My fall semester classes so far have been going on well. Most of us don’t realize how nice our Professors are until we meet them outside the class. After all, they became who they are today because they enjoy teaching students and guiding them to their success. The prefix (Dr.) in front of their name is, after all, only a prefix; what’s more important is how we build a good relationship with them.

II. International Friends

“I used to think Kazakhstan is only as big as Vietnam!” said I foolishly, when my Kazakh friend, Aruka, showed me her country on the map: it was literally 10 times bigger than Vietnam. Since my arrival on campus, I have met people from all continents around the world. On the badminton court, I met a nationally-competitive badminton Indian guy and a post-doc student from Egypt. In my International Student Ambassador team, I befriended Yasmeen, a pre-med Lebanese student, with whom I worked to manage this blog website, and all other Ambassadors from many different places in the world. In the dining hall, I came across students from Taiwan, Peru, Brazil, and more.

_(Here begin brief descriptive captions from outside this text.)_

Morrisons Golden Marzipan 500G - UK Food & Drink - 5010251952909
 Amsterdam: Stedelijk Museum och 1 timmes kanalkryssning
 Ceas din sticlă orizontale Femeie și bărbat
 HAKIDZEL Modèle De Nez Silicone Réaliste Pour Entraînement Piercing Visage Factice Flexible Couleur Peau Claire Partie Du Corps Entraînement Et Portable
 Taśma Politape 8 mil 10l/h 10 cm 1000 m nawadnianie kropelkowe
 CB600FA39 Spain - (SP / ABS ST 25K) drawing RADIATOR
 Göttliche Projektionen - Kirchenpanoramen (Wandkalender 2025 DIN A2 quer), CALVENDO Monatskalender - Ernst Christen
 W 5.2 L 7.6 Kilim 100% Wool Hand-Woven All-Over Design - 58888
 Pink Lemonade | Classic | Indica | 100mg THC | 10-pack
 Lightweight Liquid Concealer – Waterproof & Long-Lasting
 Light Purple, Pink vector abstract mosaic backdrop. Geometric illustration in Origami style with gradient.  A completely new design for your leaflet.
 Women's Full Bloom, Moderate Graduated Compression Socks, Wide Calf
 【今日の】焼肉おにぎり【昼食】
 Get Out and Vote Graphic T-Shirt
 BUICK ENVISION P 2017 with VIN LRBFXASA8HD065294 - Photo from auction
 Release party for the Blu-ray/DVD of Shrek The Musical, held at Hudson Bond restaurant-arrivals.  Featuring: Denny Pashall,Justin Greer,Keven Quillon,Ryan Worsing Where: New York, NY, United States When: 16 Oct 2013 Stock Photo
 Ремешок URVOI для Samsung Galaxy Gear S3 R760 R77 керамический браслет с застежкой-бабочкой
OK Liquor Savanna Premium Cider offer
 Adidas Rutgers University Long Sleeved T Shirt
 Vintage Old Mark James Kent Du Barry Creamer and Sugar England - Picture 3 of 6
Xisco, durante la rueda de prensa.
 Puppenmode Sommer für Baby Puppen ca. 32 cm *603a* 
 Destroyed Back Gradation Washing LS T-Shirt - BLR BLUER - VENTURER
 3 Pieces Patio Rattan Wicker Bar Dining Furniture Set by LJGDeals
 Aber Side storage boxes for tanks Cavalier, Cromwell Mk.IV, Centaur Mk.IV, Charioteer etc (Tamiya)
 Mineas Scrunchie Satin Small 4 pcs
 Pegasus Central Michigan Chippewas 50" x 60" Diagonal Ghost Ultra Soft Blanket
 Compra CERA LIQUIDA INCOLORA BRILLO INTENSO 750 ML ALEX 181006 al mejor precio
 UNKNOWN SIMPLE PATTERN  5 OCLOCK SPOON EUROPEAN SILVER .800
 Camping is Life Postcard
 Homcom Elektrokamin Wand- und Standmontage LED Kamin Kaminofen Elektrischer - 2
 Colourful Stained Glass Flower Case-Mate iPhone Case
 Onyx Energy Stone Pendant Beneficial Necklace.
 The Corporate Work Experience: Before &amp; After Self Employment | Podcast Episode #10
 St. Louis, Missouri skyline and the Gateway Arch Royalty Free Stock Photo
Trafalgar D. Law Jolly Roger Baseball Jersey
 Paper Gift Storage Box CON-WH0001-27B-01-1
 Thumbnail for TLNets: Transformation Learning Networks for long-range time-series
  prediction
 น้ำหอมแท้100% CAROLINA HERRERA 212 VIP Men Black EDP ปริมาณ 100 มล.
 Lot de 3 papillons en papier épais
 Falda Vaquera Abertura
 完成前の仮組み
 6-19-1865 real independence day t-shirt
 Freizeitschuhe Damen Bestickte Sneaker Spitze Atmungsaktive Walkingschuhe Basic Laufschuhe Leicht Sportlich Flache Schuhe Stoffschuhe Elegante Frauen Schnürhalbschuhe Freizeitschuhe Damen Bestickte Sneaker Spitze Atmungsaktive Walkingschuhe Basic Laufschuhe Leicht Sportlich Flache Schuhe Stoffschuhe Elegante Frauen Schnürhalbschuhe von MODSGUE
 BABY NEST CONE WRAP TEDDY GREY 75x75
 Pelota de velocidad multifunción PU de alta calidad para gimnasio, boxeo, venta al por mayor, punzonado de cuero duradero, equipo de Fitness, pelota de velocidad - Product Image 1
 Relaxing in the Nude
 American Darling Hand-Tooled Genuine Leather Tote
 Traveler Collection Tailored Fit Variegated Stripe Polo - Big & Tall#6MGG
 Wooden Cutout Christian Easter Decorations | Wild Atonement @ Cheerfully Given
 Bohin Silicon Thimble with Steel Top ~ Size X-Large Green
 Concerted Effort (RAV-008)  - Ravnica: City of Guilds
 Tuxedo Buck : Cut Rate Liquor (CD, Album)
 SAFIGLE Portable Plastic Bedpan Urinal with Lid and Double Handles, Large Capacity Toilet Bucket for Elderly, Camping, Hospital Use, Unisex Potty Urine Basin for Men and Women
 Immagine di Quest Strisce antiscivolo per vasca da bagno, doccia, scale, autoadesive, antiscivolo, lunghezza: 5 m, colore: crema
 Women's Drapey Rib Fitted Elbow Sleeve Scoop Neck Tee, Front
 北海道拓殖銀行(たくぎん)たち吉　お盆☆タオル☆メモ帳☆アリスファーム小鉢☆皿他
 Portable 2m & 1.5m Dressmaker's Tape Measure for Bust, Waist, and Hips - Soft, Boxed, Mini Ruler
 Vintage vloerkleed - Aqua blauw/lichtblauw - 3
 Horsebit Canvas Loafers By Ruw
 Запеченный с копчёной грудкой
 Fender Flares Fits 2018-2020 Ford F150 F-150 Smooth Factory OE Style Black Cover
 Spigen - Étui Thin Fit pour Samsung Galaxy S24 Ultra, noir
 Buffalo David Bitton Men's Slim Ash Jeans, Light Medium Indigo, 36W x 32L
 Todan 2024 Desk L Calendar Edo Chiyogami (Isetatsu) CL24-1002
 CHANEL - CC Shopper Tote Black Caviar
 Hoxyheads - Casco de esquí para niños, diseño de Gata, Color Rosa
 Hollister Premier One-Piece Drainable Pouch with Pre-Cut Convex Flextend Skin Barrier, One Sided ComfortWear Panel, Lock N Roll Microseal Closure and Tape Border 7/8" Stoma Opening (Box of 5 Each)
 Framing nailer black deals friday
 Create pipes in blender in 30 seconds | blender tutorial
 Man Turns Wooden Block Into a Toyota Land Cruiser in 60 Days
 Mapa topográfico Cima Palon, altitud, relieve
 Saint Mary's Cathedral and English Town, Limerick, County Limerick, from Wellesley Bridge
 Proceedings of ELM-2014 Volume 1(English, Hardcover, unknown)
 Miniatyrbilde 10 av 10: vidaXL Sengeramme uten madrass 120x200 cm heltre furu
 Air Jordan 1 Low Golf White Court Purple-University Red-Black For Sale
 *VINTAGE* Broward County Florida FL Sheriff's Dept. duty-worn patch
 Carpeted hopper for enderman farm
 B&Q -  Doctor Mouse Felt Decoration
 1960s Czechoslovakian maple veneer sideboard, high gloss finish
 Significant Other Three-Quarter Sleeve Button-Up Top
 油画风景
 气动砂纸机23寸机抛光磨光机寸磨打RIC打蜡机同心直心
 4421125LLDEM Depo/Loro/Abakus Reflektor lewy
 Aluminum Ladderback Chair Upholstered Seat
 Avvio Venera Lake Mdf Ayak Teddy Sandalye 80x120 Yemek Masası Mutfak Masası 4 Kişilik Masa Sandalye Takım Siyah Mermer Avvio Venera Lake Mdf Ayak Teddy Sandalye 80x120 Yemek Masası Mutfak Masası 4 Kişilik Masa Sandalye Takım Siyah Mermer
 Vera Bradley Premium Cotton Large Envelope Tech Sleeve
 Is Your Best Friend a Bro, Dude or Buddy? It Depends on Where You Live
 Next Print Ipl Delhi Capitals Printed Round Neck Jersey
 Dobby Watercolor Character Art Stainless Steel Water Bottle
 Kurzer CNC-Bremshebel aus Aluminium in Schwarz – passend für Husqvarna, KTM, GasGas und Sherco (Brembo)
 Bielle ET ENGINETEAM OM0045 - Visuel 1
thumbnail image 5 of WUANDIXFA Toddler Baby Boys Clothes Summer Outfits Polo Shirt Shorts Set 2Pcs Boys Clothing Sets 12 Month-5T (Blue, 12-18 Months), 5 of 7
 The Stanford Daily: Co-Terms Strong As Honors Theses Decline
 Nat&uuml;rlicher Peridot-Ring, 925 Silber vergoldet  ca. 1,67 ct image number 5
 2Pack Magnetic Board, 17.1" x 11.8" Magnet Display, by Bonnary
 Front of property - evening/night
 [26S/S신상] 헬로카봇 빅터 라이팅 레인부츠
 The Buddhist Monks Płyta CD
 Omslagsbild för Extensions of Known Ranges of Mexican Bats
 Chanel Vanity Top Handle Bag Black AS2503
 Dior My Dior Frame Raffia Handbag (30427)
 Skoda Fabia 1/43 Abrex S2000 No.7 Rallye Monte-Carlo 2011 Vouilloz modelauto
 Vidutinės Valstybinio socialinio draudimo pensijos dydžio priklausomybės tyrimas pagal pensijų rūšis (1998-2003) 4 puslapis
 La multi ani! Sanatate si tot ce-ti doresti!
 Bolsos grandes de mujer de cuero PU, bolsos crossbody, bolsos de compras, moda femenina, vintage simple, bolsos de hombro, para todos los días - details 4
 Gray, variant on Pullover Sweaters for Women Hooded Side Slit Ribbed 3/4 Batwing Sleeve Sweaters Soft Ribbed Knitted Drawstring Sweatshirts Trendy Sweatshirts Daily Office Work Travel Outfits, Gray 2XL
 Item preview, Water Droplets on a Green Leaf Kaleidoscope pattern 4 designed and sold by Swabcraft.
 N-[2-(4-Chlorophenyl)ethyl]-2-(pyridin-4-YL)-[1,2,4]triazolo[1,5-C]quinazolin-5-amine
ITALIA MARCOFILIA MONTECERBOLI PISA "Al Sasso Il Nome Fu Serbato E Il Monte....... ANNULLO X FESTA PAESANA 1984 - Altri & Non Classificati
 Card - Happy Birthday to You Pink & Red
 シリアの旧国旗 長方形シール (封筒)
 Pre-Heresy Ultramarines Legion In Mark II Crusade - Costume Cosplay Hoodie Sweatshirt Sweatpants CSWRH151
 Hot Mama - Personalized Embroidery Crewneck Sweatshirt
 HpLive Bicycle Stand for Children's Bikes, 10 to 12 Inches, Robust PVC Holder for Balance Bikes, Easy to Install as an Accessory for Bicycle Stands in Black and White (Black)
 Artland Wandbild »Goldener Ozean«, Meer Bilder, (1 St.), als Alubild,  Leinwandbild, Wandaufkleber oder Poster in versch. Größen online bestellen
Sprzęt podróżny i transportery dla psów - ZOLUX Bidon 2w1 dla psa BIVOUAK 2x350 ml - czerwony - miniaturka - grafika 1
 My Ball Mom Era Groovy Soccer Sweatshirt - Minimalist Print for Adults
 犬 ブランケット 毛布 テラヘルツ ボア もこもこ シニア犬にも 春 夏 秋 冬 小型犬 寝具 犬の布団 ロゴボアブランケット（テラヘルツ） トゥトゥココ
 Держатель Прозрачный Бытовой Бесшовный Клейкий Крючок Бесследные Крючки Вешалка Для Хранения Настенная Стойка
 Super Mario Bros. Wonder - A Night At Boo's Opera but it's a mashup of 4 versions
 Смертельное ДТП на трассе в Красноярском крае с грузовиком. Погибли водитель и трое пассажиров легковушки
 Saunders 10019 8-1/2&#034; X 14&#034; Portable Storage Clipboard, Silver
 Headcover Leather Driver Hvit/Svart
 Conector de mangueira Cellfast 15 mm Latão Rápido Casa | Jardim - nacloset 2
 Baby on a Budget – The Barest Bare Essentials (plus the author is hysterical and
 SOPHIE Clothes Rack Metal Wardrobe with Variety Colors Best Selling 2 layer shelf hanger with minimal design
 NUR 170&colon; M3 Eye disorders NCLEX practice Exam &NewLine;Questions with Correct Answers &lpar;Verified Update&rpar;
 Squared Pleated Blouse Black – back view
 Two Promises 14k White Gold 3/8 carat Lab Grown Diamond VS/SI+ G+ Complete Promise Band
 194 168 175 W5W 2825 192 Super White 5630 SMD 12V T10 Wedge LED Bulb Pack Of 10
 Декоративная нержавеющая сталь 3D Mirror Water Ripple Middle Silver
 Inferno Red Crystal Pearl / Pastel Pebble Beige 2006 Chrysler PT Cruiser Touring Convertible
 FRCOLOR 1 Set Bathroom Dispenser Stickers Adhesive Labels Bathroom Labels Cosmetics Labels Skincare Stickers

What I find more interesting, though, is that many of my American friends are actually second generations; their parents or grandparents are immigrants to the US. Even though their lifestyle is more or less Americanized, they add to the cultural diversity UC boasts. One of my roommates (yep, I have 6 roommates) is a second-generation Belgium-American guy; his grandparents moved to the US when his father was a young child. After my community service hour at a poetry reading group one evening, on the way back to my dorm, I talked with another volunteer at the event. Initially, I approached her because she was in my major and she was a junior; I soon found out that her parents were Iraqi.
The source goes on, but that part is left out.